Short web captions:
+++

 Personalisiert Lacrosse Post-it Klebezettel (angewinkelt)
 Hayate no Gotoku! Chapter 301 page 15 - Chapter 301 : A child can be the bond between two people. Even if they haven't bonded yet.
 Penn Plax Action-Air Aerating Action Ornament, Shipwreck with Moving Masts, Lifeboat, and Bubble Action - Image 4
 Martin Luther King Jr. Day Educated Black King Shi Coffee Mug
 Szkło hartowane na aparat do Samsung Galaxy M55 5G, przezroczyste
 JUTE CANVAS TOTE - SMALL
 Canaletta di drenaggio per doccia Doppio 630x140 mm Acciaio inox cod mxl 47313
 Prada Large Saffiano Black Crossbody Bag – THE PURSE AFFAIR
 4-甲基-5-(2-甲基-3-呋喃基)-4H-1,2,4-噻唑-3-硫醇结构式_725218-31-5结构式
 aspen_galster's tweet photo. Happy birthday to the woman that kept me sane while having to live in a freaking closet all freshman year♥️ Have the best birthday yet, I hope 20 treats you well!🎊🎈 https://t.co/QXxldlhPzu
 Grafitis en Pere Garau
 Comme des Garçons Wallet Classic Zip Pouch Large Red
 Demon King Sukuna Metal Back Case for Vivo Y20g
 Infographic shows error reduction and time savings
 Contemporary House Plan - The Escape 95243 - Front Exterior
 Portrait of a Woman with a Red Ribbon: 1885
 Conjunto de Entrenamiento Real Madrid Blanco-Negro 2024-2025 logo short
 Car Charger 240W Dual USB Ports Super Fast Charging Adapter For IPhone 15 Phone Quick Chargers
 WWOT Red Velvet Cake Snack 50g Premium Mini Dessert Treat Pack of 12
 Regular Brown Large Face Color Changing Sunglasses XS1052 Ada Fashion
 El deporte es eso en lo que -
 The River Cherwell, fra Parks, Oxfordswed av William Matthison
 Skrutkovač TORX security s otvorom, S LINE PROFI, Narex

+++

[YOUR GOAL] Tally up the lines of the data above where the string "Large" appears, and give only the count.

[ANSWER TO THE EXERCISE] 3